Obama’s ground game advantage

The Washington Post finds that, as the presidential contest heads into its final weeks, Democratic campaign workers outnumber Republicans nearly three to one. In the swing states of Ohio and Nevada, the Democrats’ advantage is considerably larger. And nationwide, the Obama campaign and the Democratic National Committee have transferred $50 million to swing states to open field offices and hire campaign organizers, compared to $8 million sent by Romney and the Republican National Committee to state parties.

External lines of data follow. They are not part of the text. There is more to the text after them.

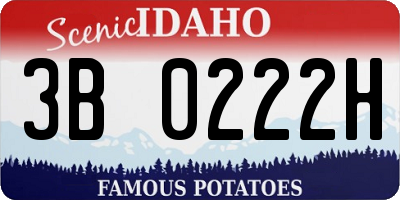 ID license plate 3B0222H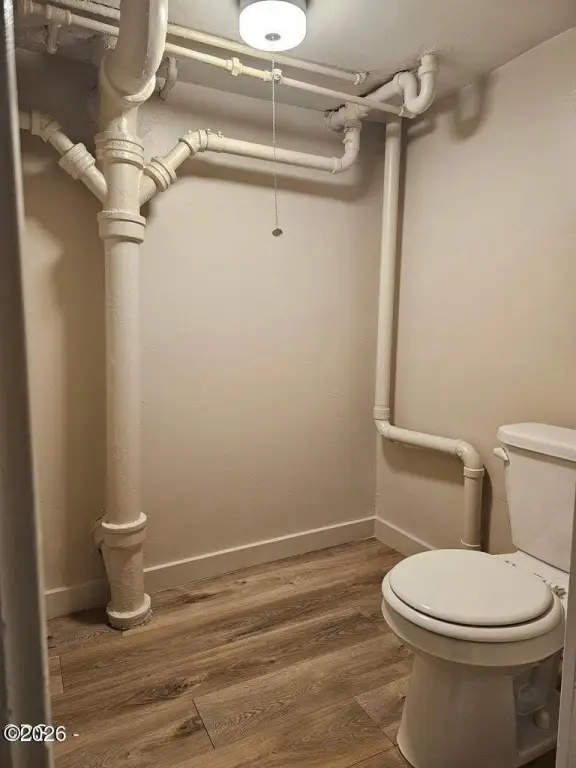 Picture 9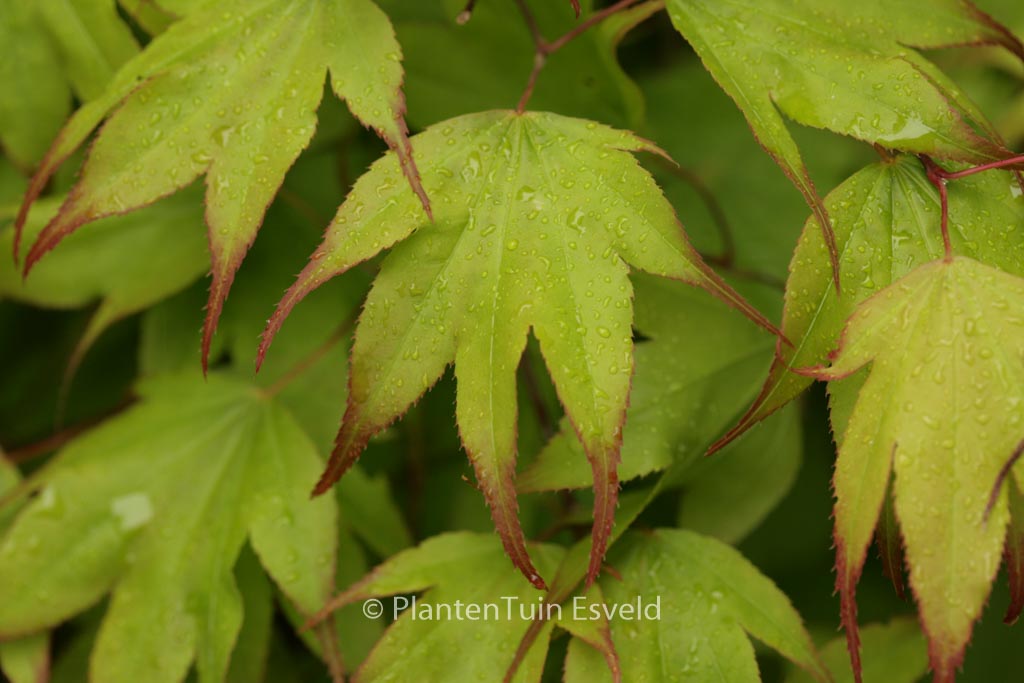Acer palmatum 'Tsuma-gaki'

The Post says that this gap reflects philosophical differences in the approaches of the two campaigns:

Obama is spending earlier and investing more in his state campaign infrastructure, putting a bigger emphasis on person-to-person contact with potential voters. Romney and Republicans are focusing more on advertising and stockpiling funds, anticipating a significant and growing money advantage in the fall. The GOP candidate and his allies — the party and independent groups — have $105 million more sitting in bank accounts than the Democrats. For the period after the conventions, they could easily outspend Democrats two to one, with most of it likely to go to more television ads.

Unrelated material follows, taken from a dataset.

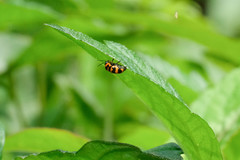 Cryptocephalus trifasciatus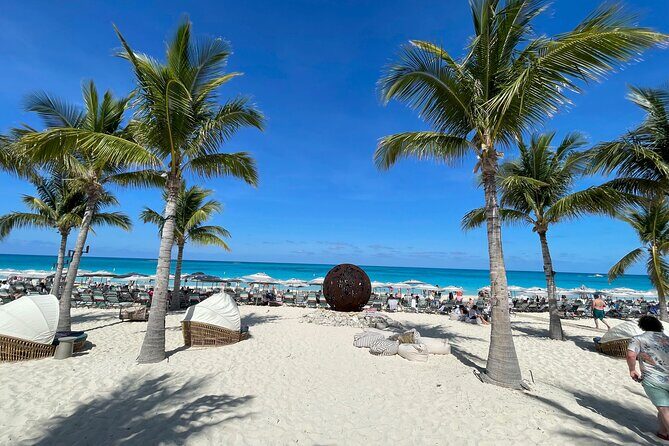 Bimini or Grand Bahama Island by Ferry - Bimini vs. Grand Bahama: which one fits your day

The problem with the Romney approach is that Obama and the Dems have been significantly outspending the Romney and the Republicans on advertising for months. So the Republicans will be playing catch-up on this front, with an electorate increasingly turned off by wall-to-wall political ads. Meanwhile, the Democrats apparently will be outspending the Republicans on the “retail” front.

Republican strategists tell the Post that Obama’s ground game spending will not help him. But, according to the Post, it has already helped produce a new voter registration advantage for the Democrats in Nevada.

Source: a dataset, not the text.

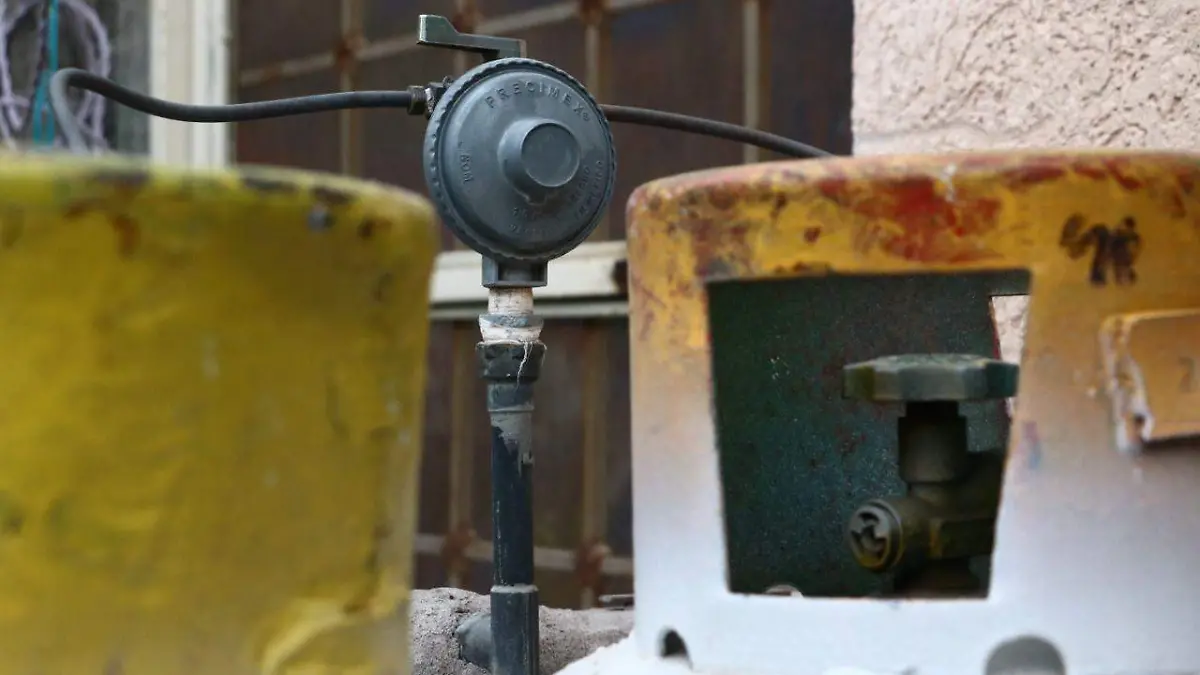 WhatsApp Image 2021-12-18 at 6.20.38 PM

To be sure, Republican strategist Ed Rogers is correct in saying that a “synthetic, steroid-driven” voter turnout campaign is less valuable than the “romantic enthusiasm” Obama relied on four years ago. But that sort of enthusiasm is a once in a lifetime kind of thing. In an ordinary year, having more boots on the ground than the other guy seems like an advantage, even if the boots are less animated by romanticism than before.

If the election is close, the Romney campaign may come to regret its apparent inferiority on the ground.